危険情報
パラグアイの危険情報【危険レベル継続】(内容の更新)
更新日 2024年12月25日
危険レベル・ポイント
【危険レベル】
● コンセプシオン県ウブ・ジャウ市と隣接するアマンバイ県内の県境付近、コンセプシオン県(サン・ラサロ市、サン・カルロス・デル・アパ市を除く)、サン・ペドロ県サン・ペドロ・デ・ウクアマンディジュ市及びショレ市より北、アマンバイ県カピタン・バド市及びアルト・パラナ県プレシデンテ・フランコ市
レベル2:不要不急の渡航は止めてください。(継続)
● 首都アスンシオン市及びその周辺、アマンバイ県ベジャ・ビスタ・ノルテ市及びペドロ・ファン・カバジェロ市、カニンデジュ県サルト・デル・グアイラ市、アルト・パラナ県シウダ・デル・エステ市並びにイタプア県エンカルナシオン市
レベル1:十分注意してください。(継続)
【ポイント】
●コンセプシオン県、サン・ペドロ県及びアマンバイ県の一部の地域では、パラグアイ人民解放軍(EPP)や武装農民グループ(ACA)などの反政府武装グループが、誘拐・殺人等の凶悪犯罪を起こしており、治安機関による掃討作戦が進められているものの、2024年1月にはEPPの犯行と思われる襲撃事件が発生しています。同地域への不要不急の渡航は止めてください。
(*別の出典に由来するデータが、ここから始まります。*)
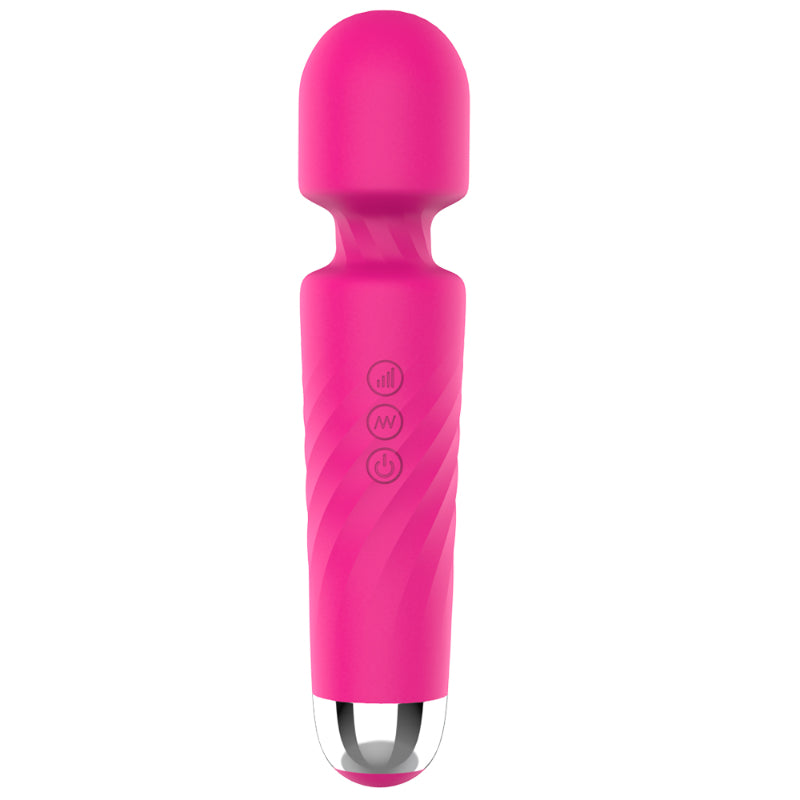 S-Hande Hero 2 Vibrating Body Wand Massager Body Wands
●首都アスンシオン市及びその周辺を始め、ブラジルと国境を接する一部地域やアルゼンチンと国境を接する一部地域では、強盗や麻薬等に関連した犯罪に一般市民が巻き込まれる危険性があります。特に注意が必要とされるアマンバイ県カピタン・バド市、アルト・パラナ県プレシデンテ・フランコ市に対し危険レベル2を、アマンバイ県ベジャ・ビスタ・ノルテ市、同県ペドロ・ファン・カバジェロ市、カニンデジュ県サルト・デル・グアイラ市、シウダ・デル・エステ市、イタプア県エンカルナシオン市に対しレベル1を継続して発出します。
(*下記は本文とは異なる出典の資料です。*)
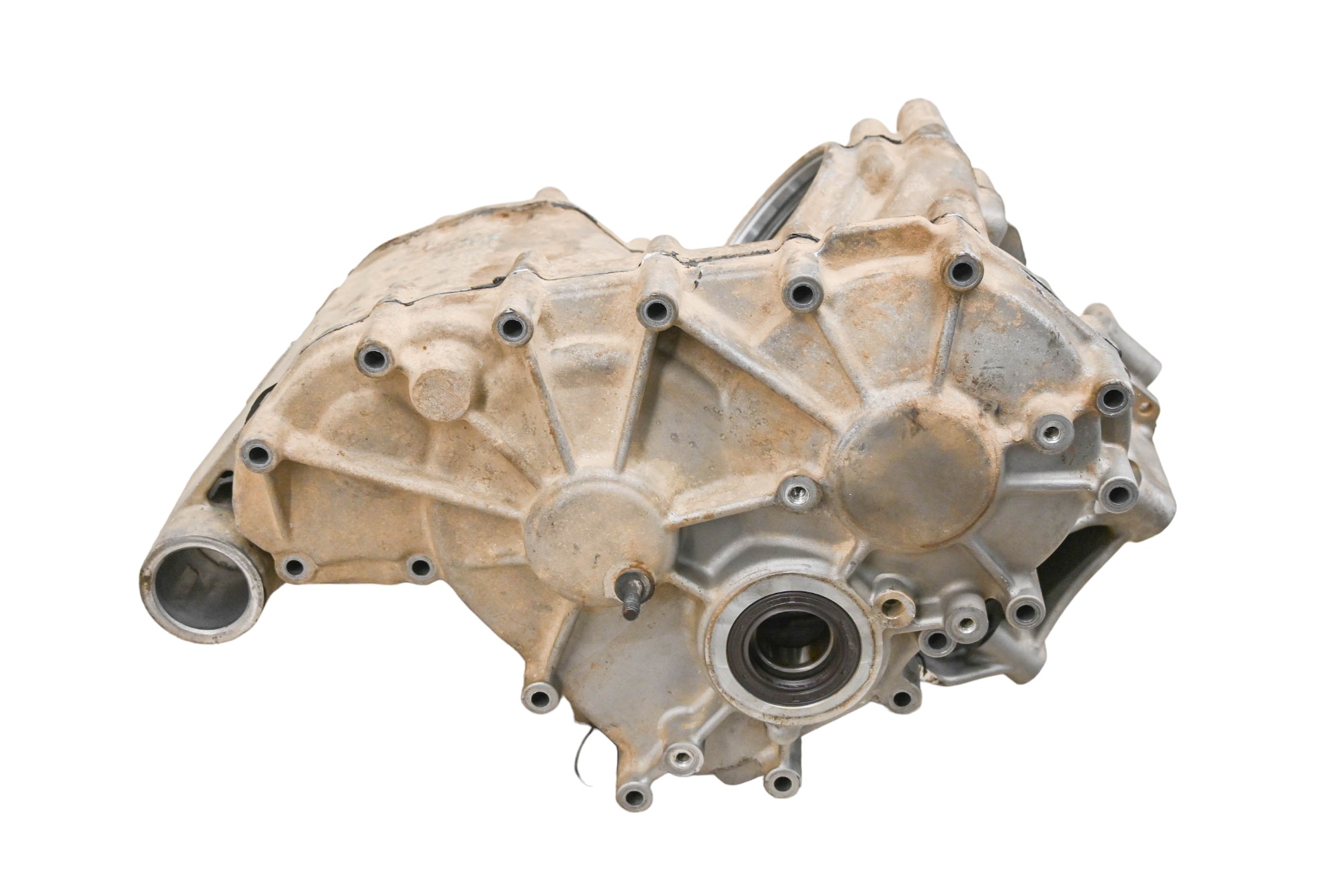 18 Can-Am Commander Max 1000R DPS Transmission Gear Case Housing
● コンセプシオン県ウブ・ジャウ市と隣接するアマンバイ県内の県境付近、コンセプシオン県(サン・ラサロ市、サン・カルロス・デル・アパ市を除く)、サン・ペドロ県サン・ペドロ・デ・ウクアマンディジュ市及びショレ市より北、アマンバイ県カピタン・バド市及びアルト・パラナ県プレシデンテ・フランコ市
レベル2:不要不急の渡航は止めてください。(継続)
● 首都アスンシオン市及びその周辺、アマンバイ県ベジャ・ビスタ・ノルテ市及びペドロ・ファン・カバジェロ市、カニンデジュ県サルト・デル・グアイラ市、アルト・パラナ県シウダ・デル・エステ市並びにイタプア県エンカルナシオン市
レベル1:十分注意してください。(継続)
【ポイント】
●コンセプシオン県、サン・ペドロ県及びアマンバイ県の一部の地域では、パラグアイ人民解放軍(EPP)や武装農民グループ(ACA)などの反政府武装グループが、誘拐・殺人等の凶悪犯罪を起こしており、治安機関による掃討作戦が進められているものの、2024年1月にはEPPの犯行と思われる襲撃事件が発生しています。同地域への不要不急の渡航は止めてください。
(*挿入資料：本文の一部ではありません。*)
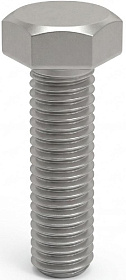 Болт 10х60 с шестигр. головкой (30шт)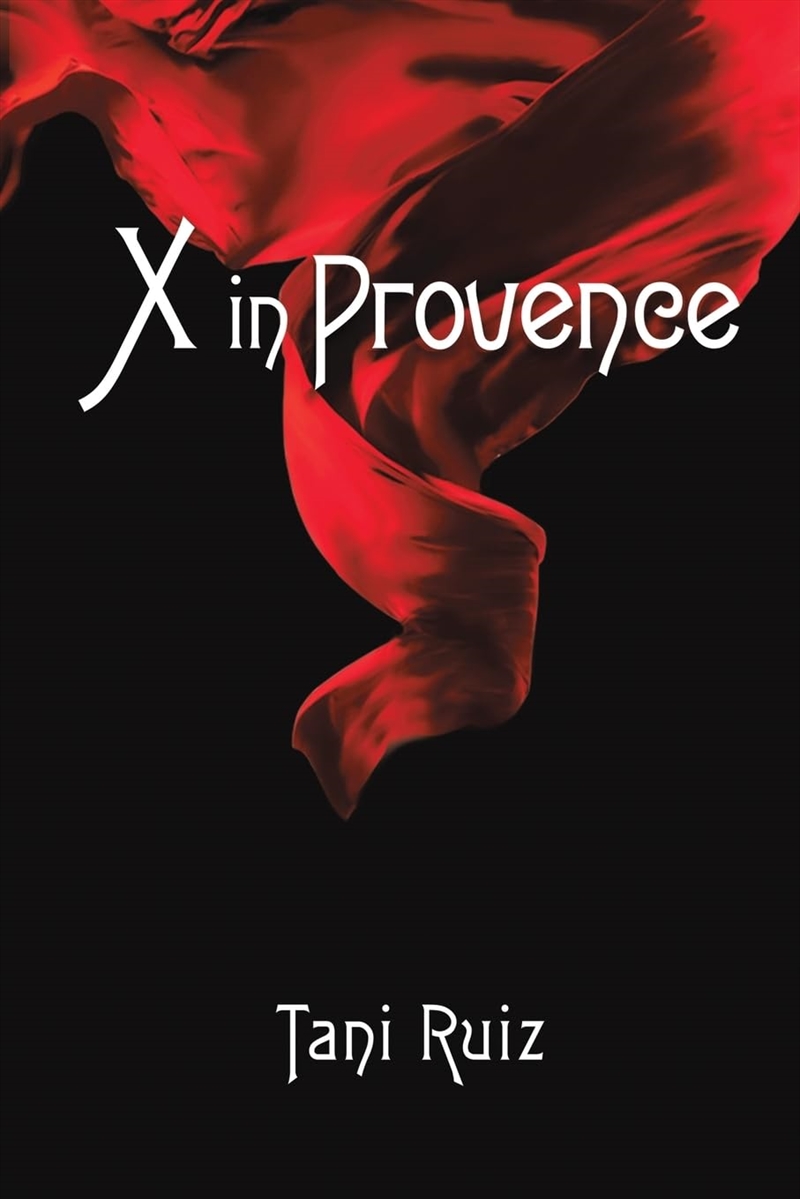 X In Provence/Product Detail/Erotic Fiction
●首都アスンシオン市及びその周辺を始め、ブラジルと国境を接する一部地域やアルゼンチンと国境を接する一部地域では、強盗や麻薬等に関連した犯罪に一般市民が巻き込まれる危険性があります。特に注意が必要とされるアマンバイ県カピタン・バド市、アルト・パラナ県プレシデンテ・フランコ市に対し危険レベル2を、アマンバイ県ベジャ・ビスタ・ノルテ市、同県ペドロ・ファン・カバジェロ市、カニンデジュ県サルト・デル・グアイラ市、シウダ・デル・エステ市、イタプア県エンカルナシオン市に対しレベル1を継続して発出します。
詳細
1 概況
(1)パラグアイでは、民主政治が安定し、内乱、クーデター、暴動等が発生する可能性は低いと言われています。一方で、人口密集都市(首都アスンシオン市及び周辺都市、シウダ・デル・エステ市、エンカルナシオン市等)で、強盗及び窃盗被害が頻発しています。また、ブラジル、アルゼンチンと国境を接する一部地域においては、麻薬組織の抗争などによる、銃器を用いた殺人事件等が発生しており、ブラジルの麻薬組織PCCがパラグアイ国内にも広く潜伏していると報じられているほか、アスンシオン市周辺でも、組織間の抗争による殺人事件が発生しています。
(2)コンセプシオン県、サン・ペドロ県及びアマンバイ県の一部では、EPP等がゲリラ活動を行っており、国籍にかかわらず身代金を目的とした誘拐や殺人等を行っています。治安機関の掃討作戦により主要メンバーの多くが逮捕・殺害されていますが、2024年1月にサン・ペドロ県で同勢力によるとみられる農場への襲撃事件が発生しています。
2 地域別情勢
(1)コンセプシオン県ウブ・ジャウ市と隣接するアマンバイ県内の県境付近、コンセプシオン県(サン・ラサロ市、サン・カルロス・デル・アパ市を除く)、サン・ペドロ県サン・ペドロ・デ・ウクアマンディジュ市及びショレ市より北、アマンバイ県カピタン・バド市並びにアルト・パラナ県プレシデンテ・フランコ市
レベル2:不要不急の渡航は止めてください。(継続)
ア コンセプシオン県ウブ・ジャウ市と隣接するアマンバイ県内の県境付近
EPP等は、コンセプシオン県ウブ・ジャウ市周辺での活動が報じられており、また、同市に隣接するアマンバイ県北西部の県境付近にもEPP等の活動が及んでいます。パラグアイ政府は、これらに対処するため、同エリアに軍と警察による共同捜査部隊(FTC)を駐屯させていますが、情勢は不安定です。また、銃撃戦となった場合、流れ弾の被害に遭うなど、巻き込まれることも考えられます。さらに、近年、元副大統領他がEPPに誘拐される事件が発生しているほか、2022年10月には、警察によりEPP幹部が射殺されたことを受けて、報復とみられる警察官殺害事件が発生しています。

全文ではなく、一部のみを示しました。